E ora? I testi missilistici iraniani degli scorsi giorni, vivamente condannati anche dai Paesi europei, rischiano di far precipitare le cose. Hanno peraltro offerto un ottimo pretesto per quello che l’Amministrazione Trump aveva già in mente di fare: alzare i toni dello scontro con Teheran. D’altronde Trump aveva bisogno di ricucire lo strappo con lo storico alleato degli Stati Uniti: Israele. I rapporti con Gerusalemme non erano mai stati così tesi come durante l’Amministrazione Obama. L’accordo sul nucleare aveva esacerbato le relazioni. Gerusalemme aveva fatto di tutto perché naufragasse, o comunque fosse modificato in modo da non costituire una minaccia. Da 12 anni Israele ribadisce che Teheran punta a dotarsi di un ordigno nucleare.
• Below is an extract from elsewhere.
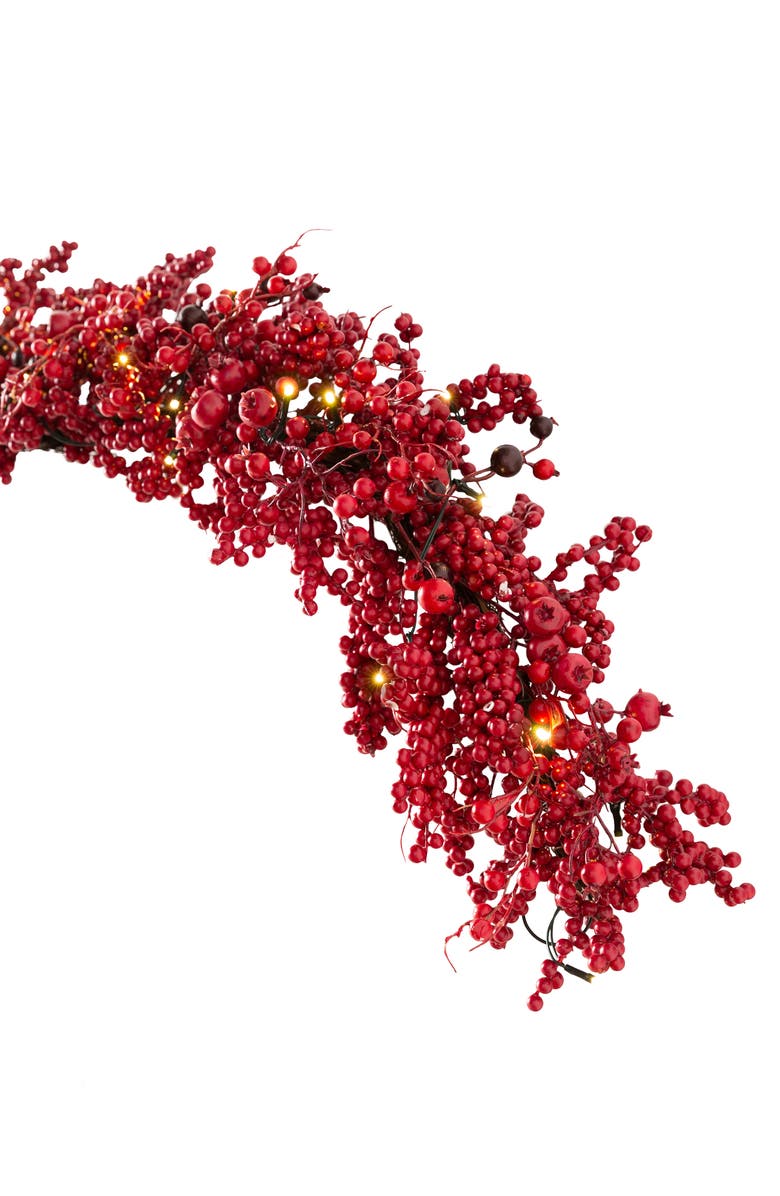 Balsam Hill Festive Artificial Pre-Lit Red Berry Garland, Main, color,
Nell’agenda di Trump un riavvicinamento con Israele era scontato. La marcia indietro di giovedì sulla nuova costruzione e sull’espansione degli insediamenti israeliani in Cisgiordania (secondo la Casa Bianca«potrebbe non aiutare il raggiungimento della pace (con i palestinesi, ndr»), ha irritato Israele. Il nuovo round di sanzioni contro l’Iran, pur se limitato, non può che giungere gradito al Governo israeliano.
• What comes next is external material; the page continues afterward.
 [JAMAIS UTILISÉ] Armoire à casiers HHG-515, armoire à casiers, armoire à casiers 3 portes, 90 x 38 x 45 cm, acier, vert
Ma ha riacceso le tensioni. Teheran ha reso noto che proseguirà i test missilistici. La Russia è intervenuta in sua difesa. I leader europei hanno espresso la loro condanna. Ma hanno più di un motivo per preoccuparsi. Un nuovo braccio di ferro con l’Iran rischia di sollevare un problema internazionale in un periodo in cui in Medio Oriente ve ne sono già molti. Dopo che la Ue aveva revocato l’embargo sull’import petrolifero e su quasi tutte le sanzioni economiche e finanziarie contro Teheran, i Paesi europei, e non solo, hanno subito guardato al “nuovo Iran” come a una grande opportunità di business. Il giro di affari potenziali del mercato iraniano dei beni e dei servizi è stimato fino a 800 miliardi di dollari. Uno dei settori più promettenti è quello automobilistico. Si parla di vendite per 14 milioni di autoveicoli. Le importazioni europee di greggio dall’Iran, prima fra tutte dall’Italia, sono subito riprese a ritmo sostenuto toccando lo scorso gennaio il livello massimo dal novembre del 2011. Se le cose dovessero precipitare anche le aziende americane potrebbero veder sfumare delle opportunità. Sebbene diverse sanzioni Usa contro l’Iran non siano state rimosse, anche le aziende americane si erano subito adoperate per non farsi superare dalla concorrenza. Ironia della sorte, risale allo scorso dicembre, quando Trump aveva già vinto le elezioni ma non si era ancora insediato alla Casa Bianca, uno storico accordo commerciale: la Iran Air ha firmato un accordo da 16,6 miliardi di dollari con Boeing. Un contratto decennale per la fornitura di 80 aerei passeggeri (prima consegna per il 2018). Per Boeing sarebbe la maggiore commessa da 37 anni, capace di creare 100mila posti di lavoro. E non si tratta solo di economia. Uno scontro con l’Iran equivale a creare ulteriori problemi nel già delicatissmo scacchiere mediorientale.